Work task: Every line from the one bearing "Le Liseron Creole" through the last line of the records below is to be output exactly, and no other line; leave out the pictures.

[Material provided Boundary: Start]

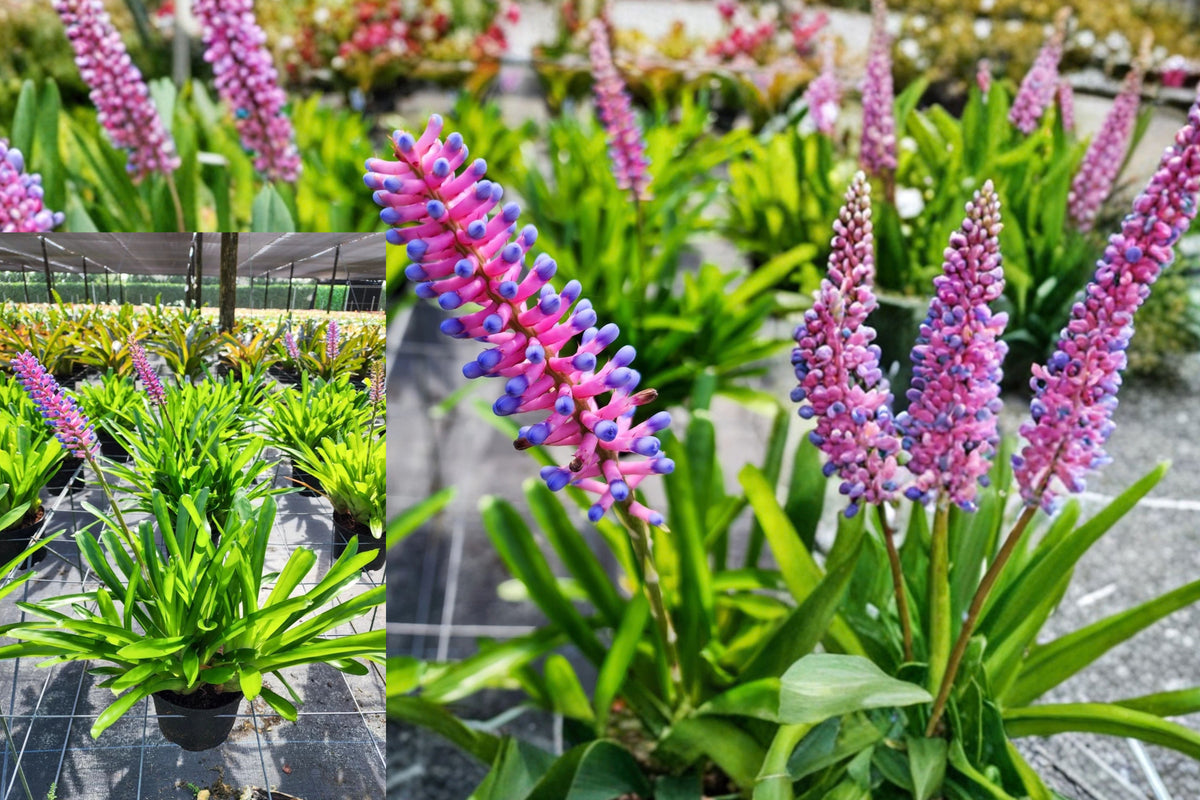 Aechmea Gamosepala Live Plant – 6″ Pot – Aechmea gamosepala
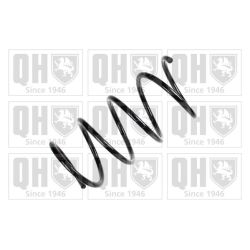 Spyruoklė QUINTON HAZELL QCS6681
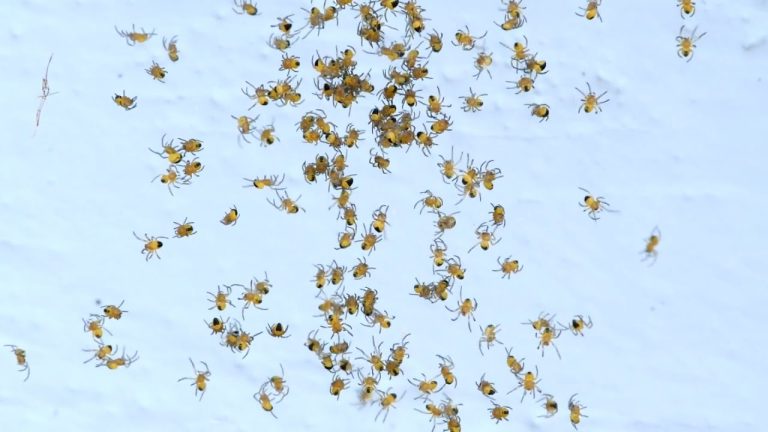 Así son los arácnidos que viven en tu cara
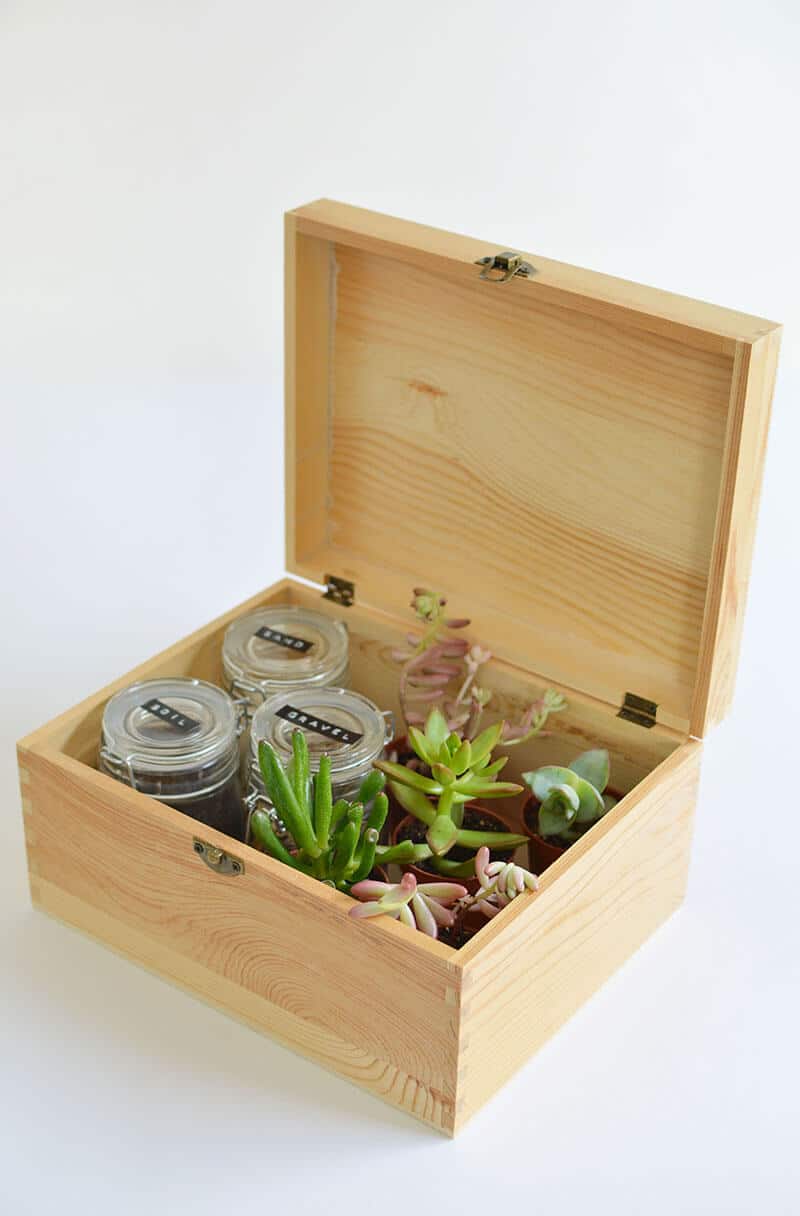 DIY Succulent Box: making christmas gifts	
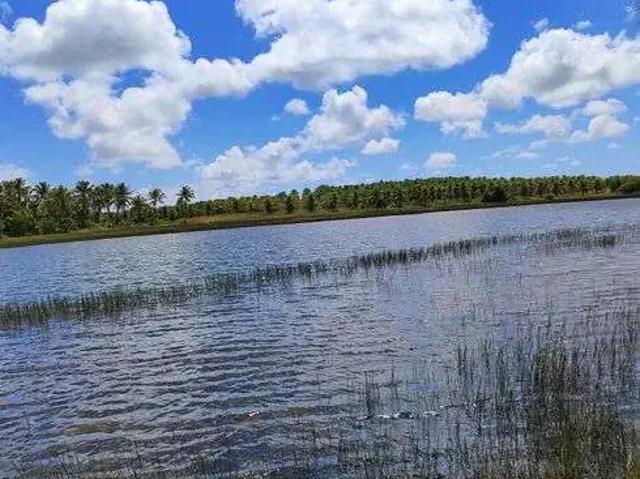 Sítio e chácara venda em Região Geográfica Imediata de Natal, São Gonçalo do Amarante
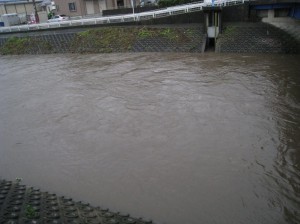 普段チョロチョロの近くの川も増水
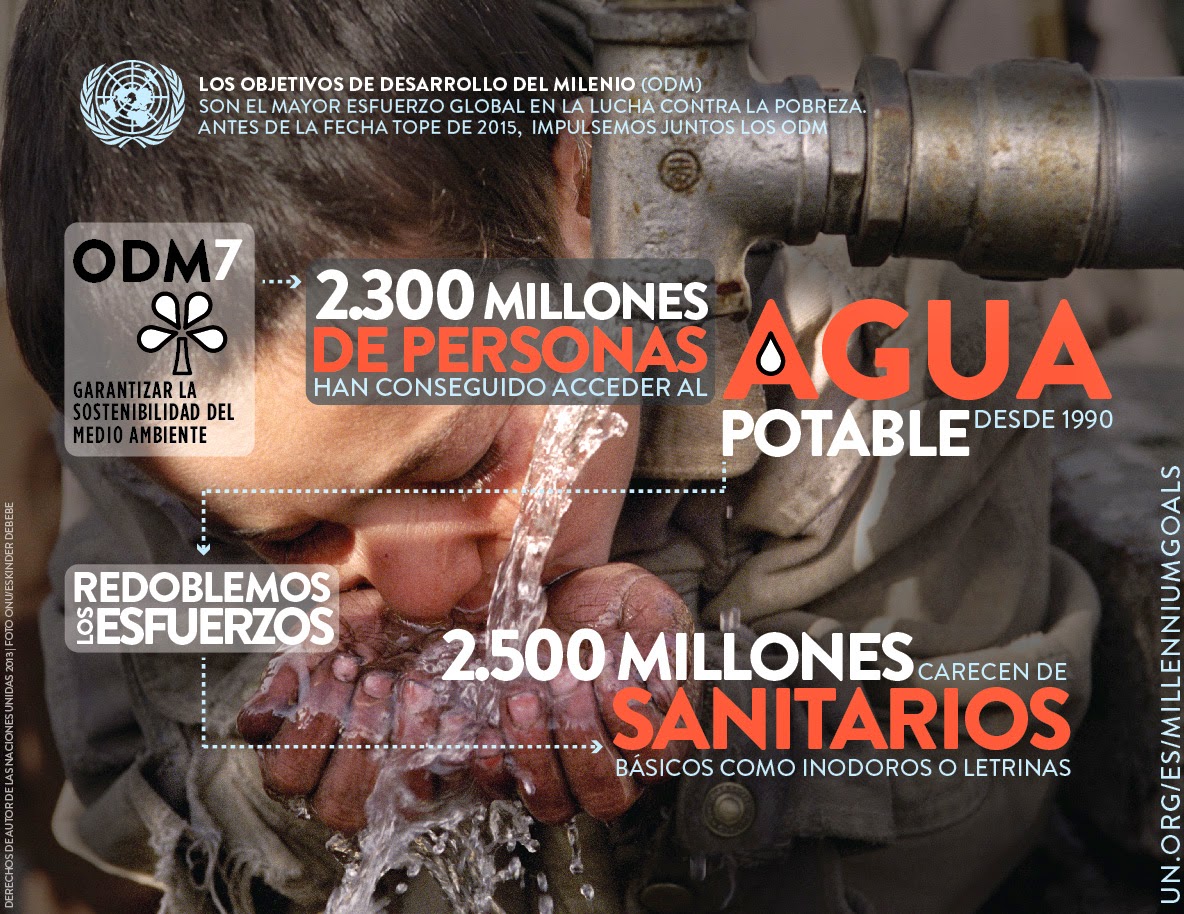 http://www.un.org/es/millenniumgoals/environ.shtml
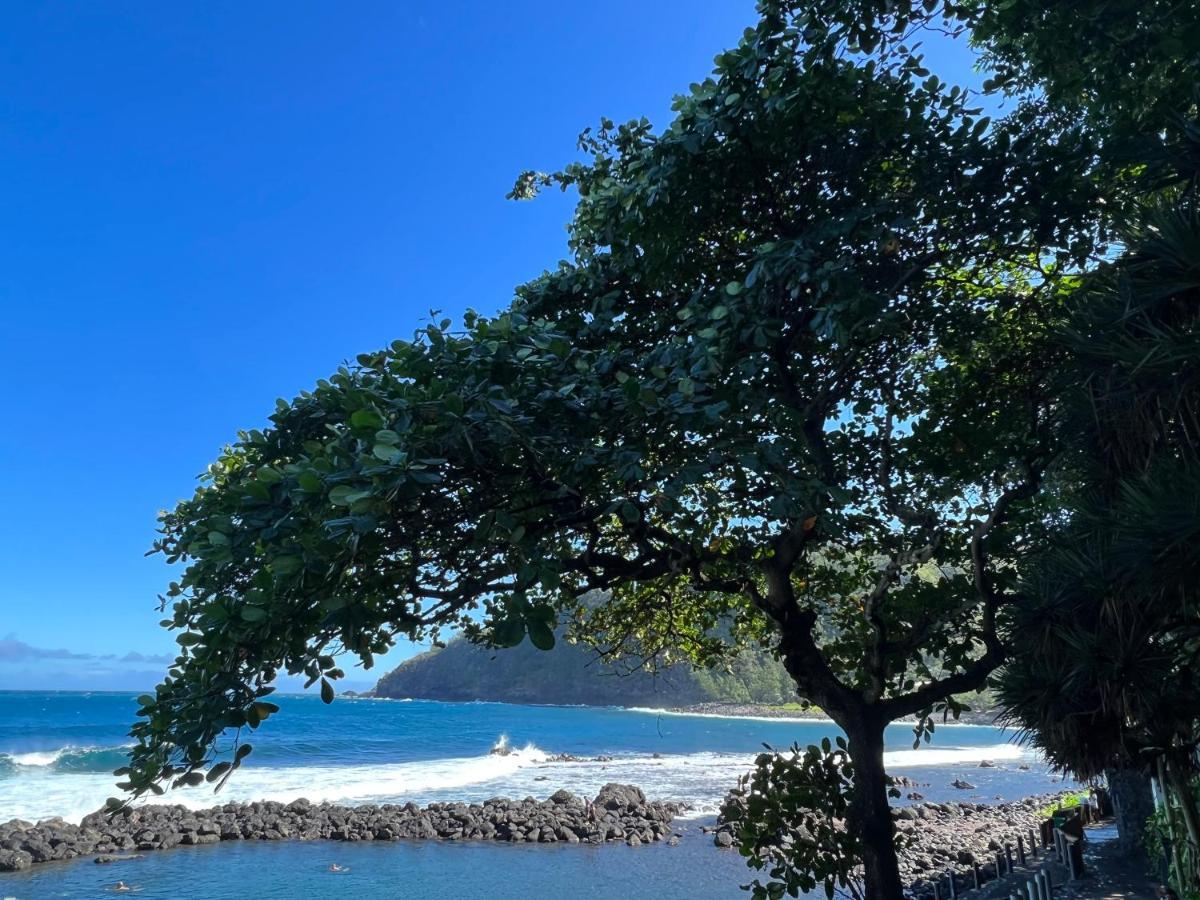 Le Liseron Creole - Entre Terre, Mer Et Riviere - Proche Toutes Commodites Saint-Joseph Exterior foto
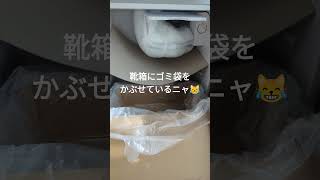 冷蔵庫の霜取り ☃️ 冷蔵庫 霜取り refrigerator [upl. by Ecinahc]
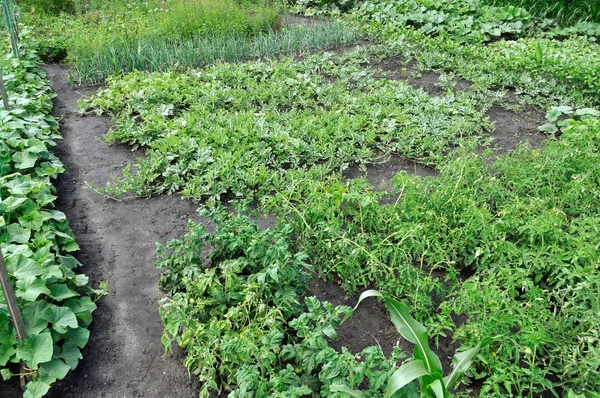 Vegetable garden — Stock Photo, Image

[Material provided Boundary: End]

Answer to this exercise:
 Le Liseron Creole - Entre Terre, Mer Et Riviere - Proche Toutes Commodites Saint-Joseph Exterior foto
 冷蔵庫の霜取り ☃️ 冷蔵庫 霜取り refrigerator [upl. by Ecinahc]
 Vegetable garden — Stock Photo, Image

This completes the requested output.